Problem to solve:
The lines in the listing below are to be given again exactly, starting at the line holding "Треугольная керамическая плитка" and ending at the line holding "Endlich gelesen: Angels of Death – Band 3". Do not include pictures.

Supplied entries:
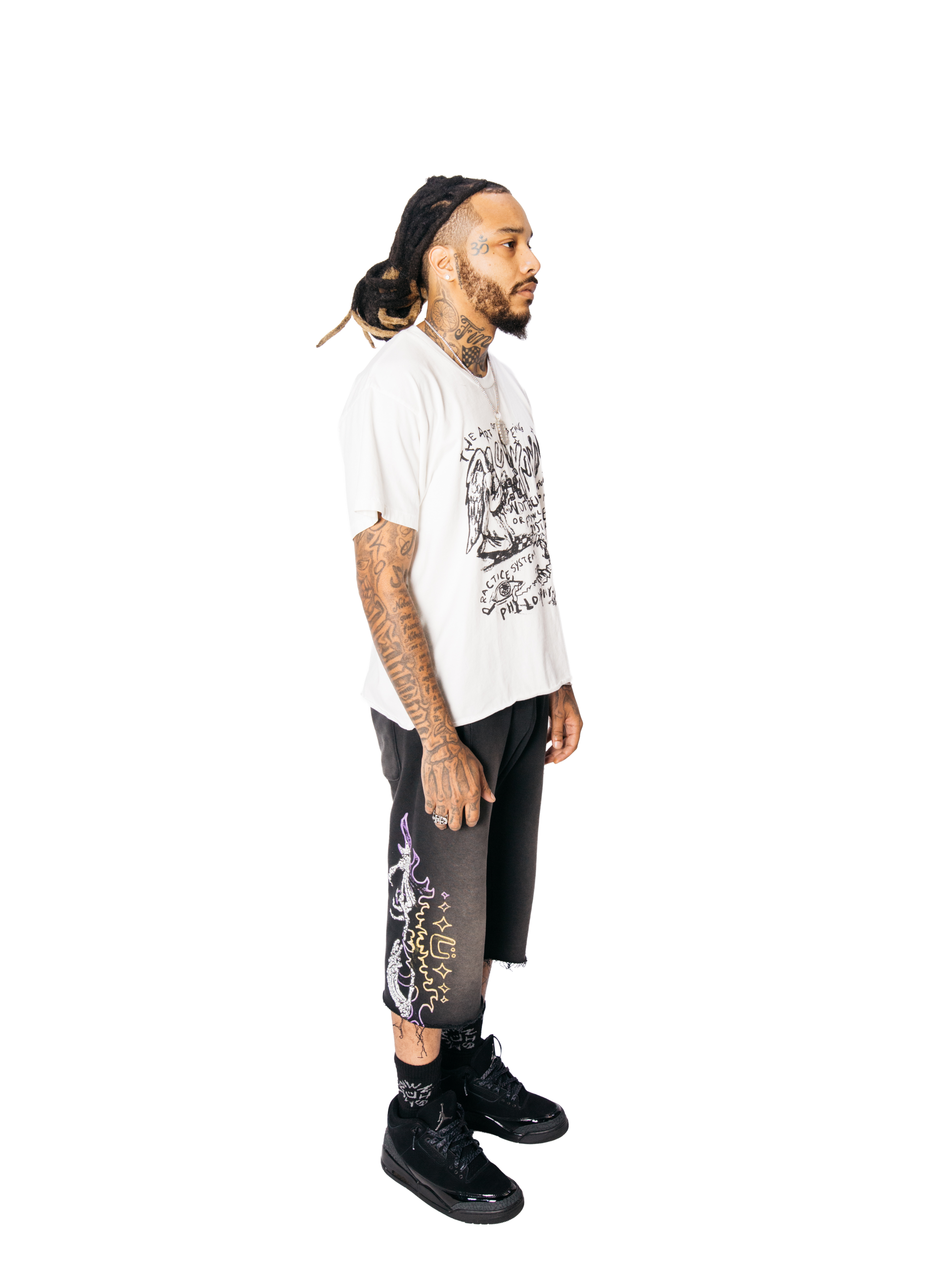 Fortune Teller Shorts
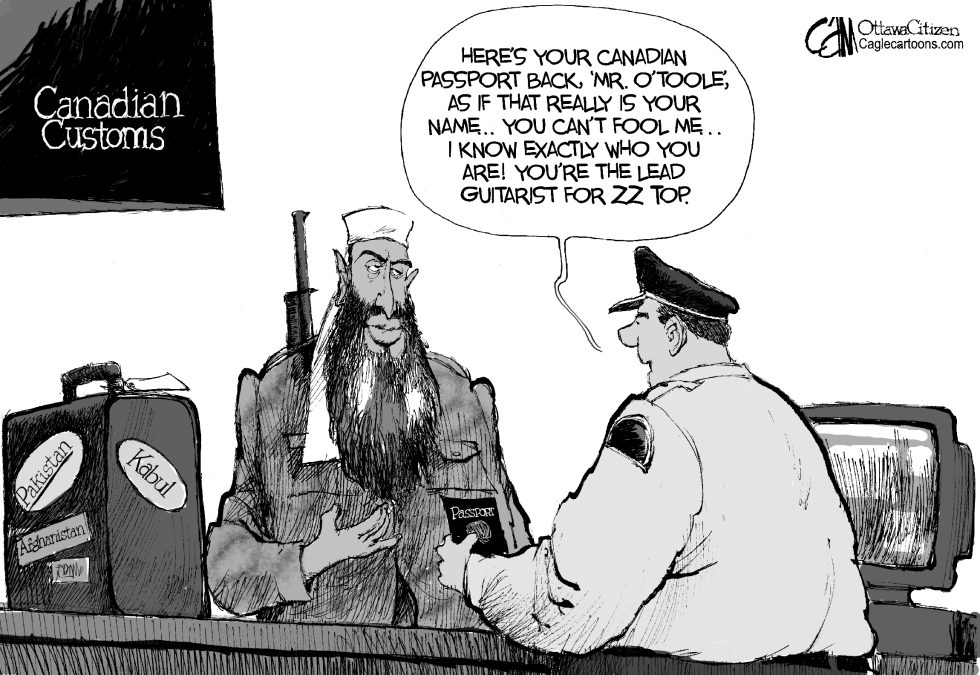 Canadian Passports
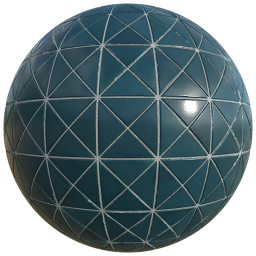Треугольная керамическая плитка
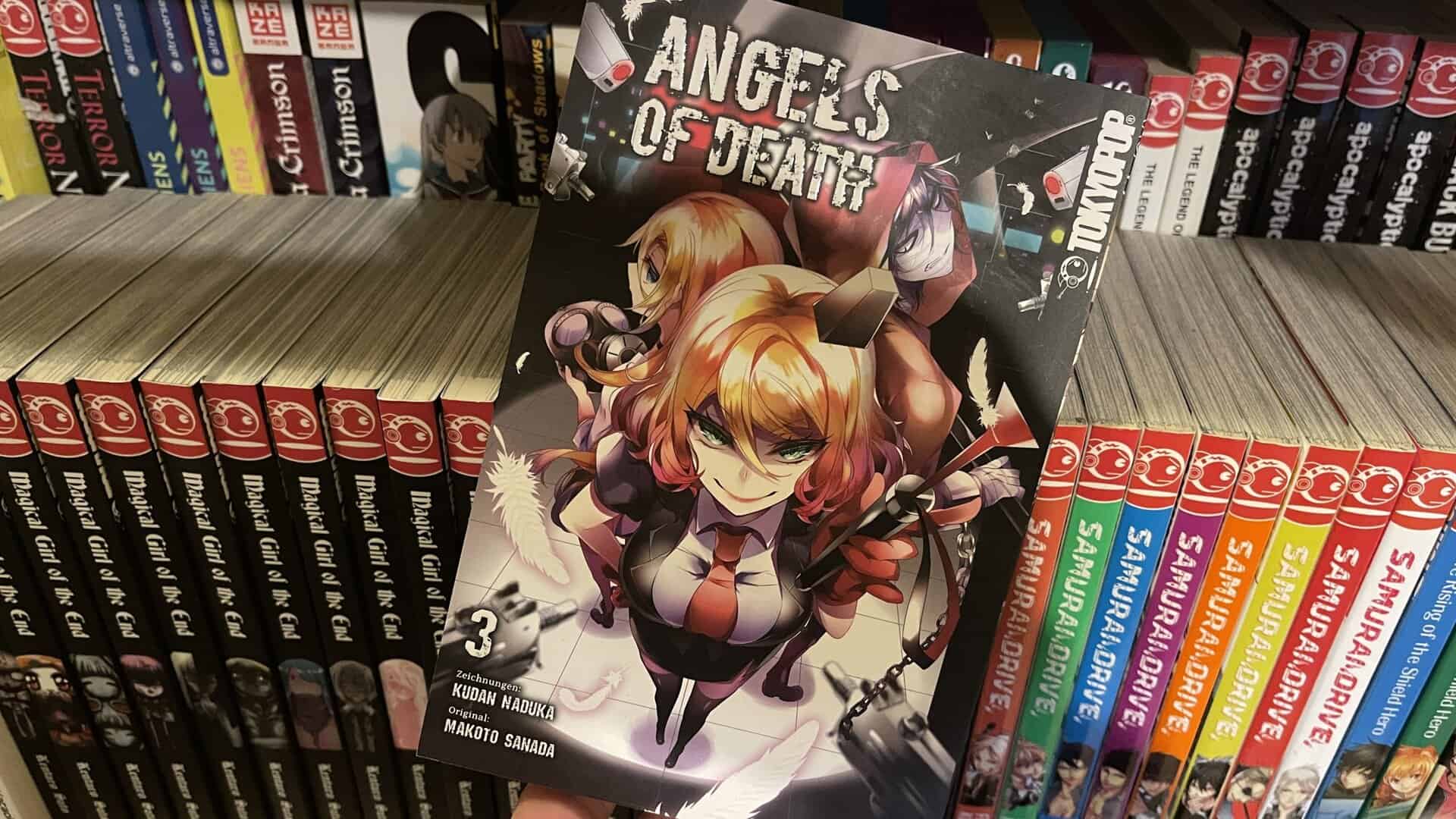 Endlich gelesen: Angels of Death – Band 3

---

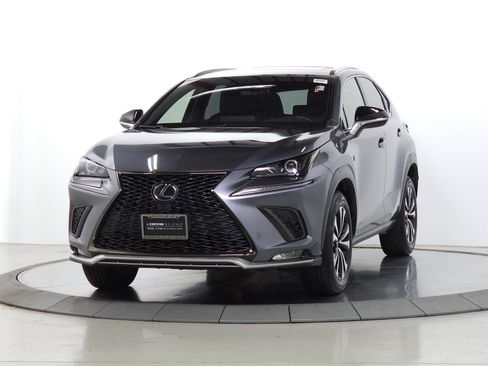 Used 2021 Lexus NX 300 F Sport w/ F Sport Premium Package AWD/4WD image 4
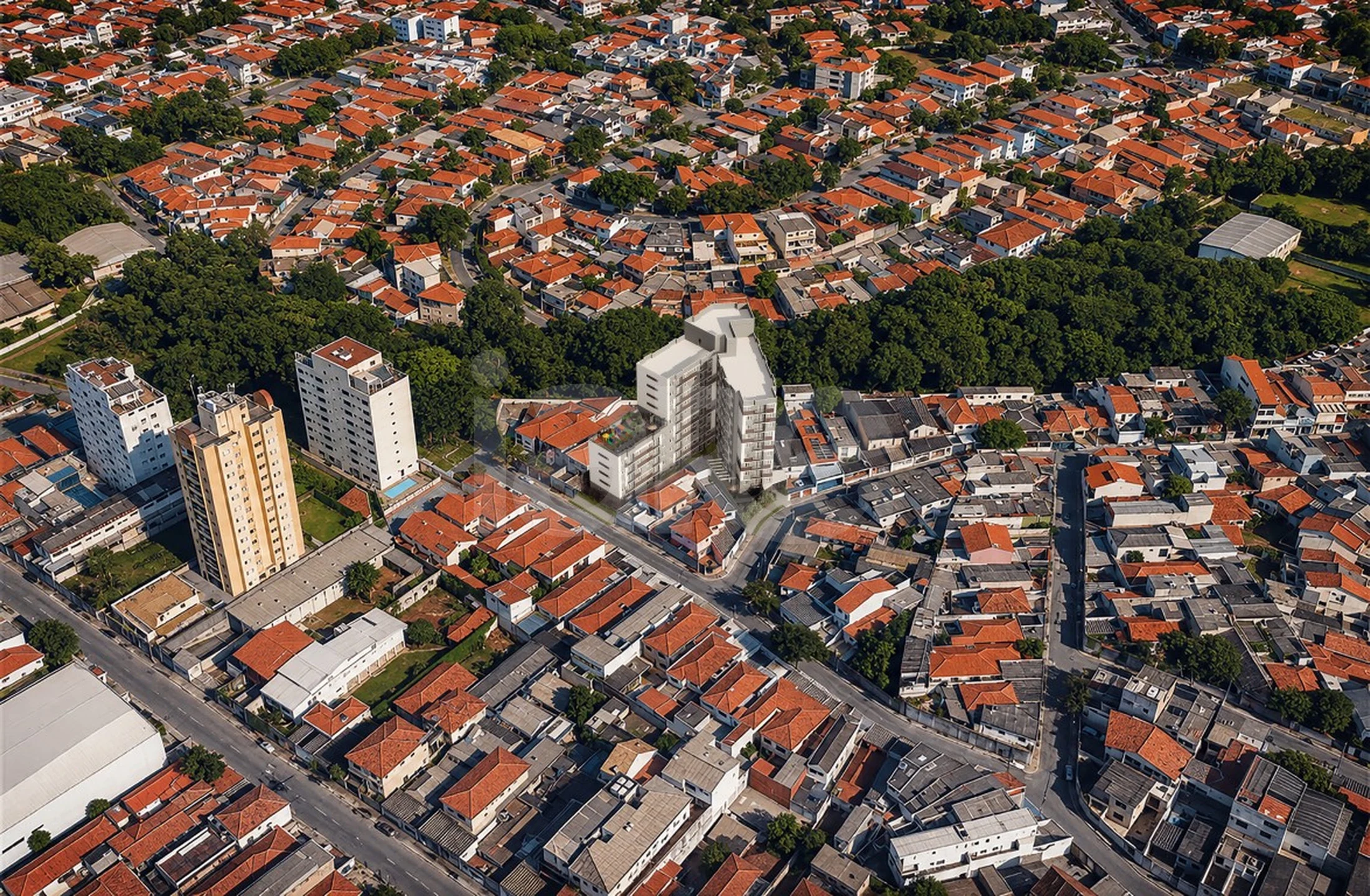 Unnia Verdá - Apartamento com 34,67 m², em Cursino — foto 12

* * *

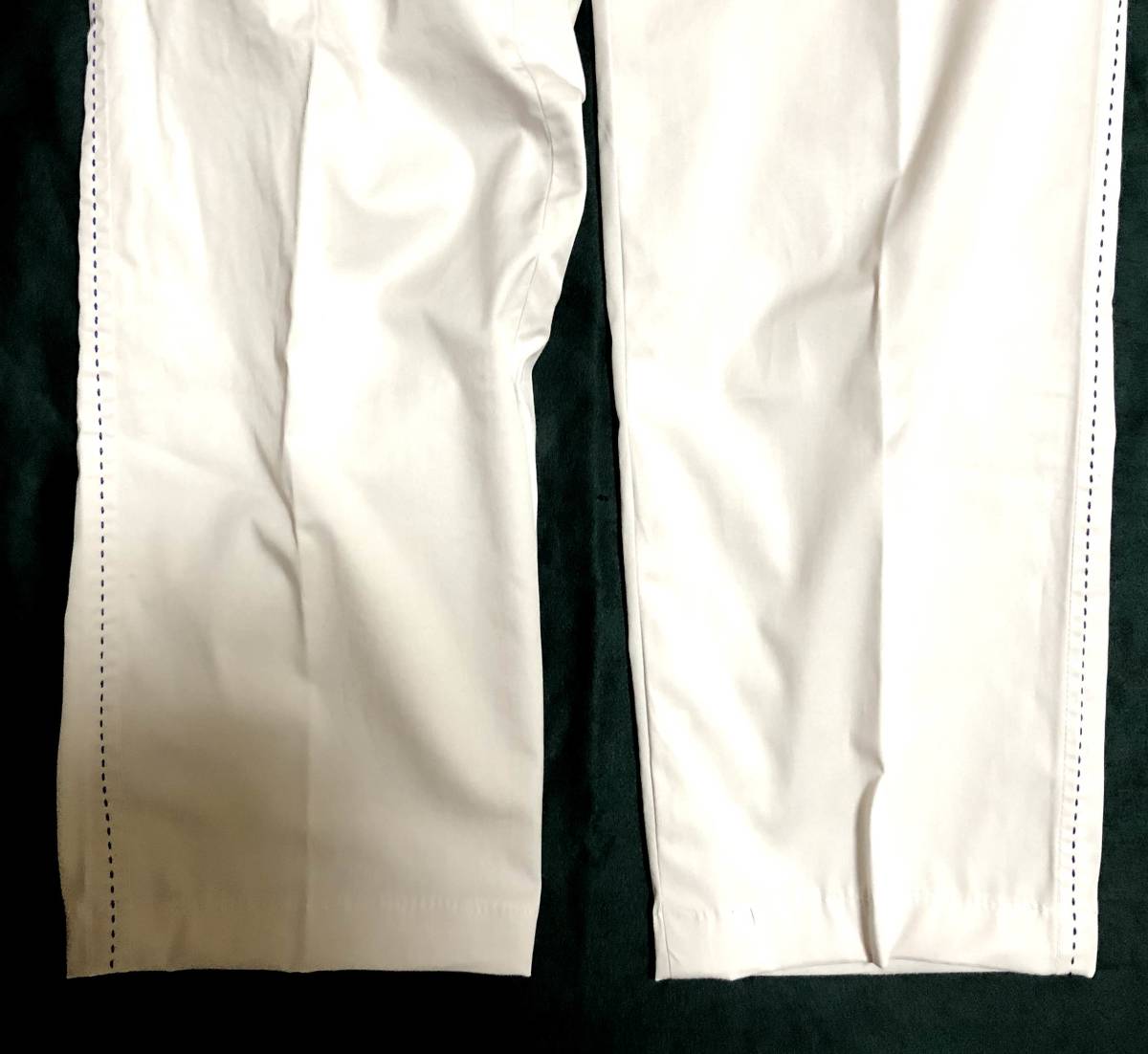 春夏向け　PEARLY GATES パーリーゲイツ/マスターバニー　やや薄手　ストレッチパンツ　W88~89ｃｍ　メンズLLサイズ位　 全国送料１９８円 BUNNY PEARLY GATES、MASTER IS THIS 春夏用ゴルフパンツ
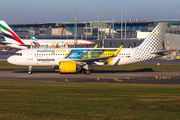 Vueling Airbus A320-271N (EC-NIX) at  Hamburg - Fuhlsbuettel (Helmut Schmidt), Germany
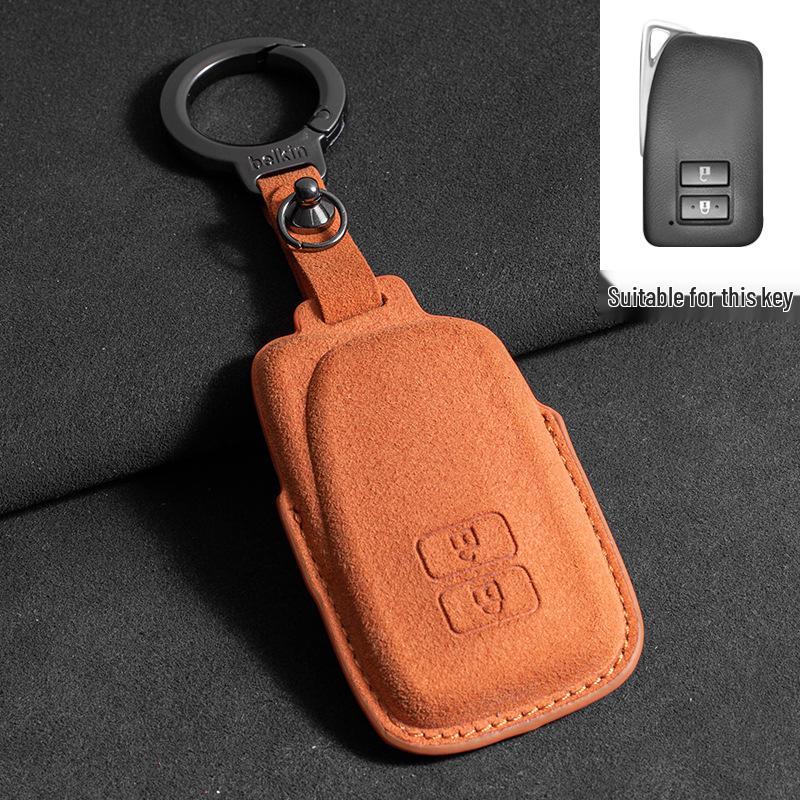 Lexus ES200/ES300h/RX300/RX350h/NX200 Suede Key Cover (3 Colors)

Answer to the problem:
Треугольная керамическая плитка
 Endlich gelesen: Angels of Death – Band 3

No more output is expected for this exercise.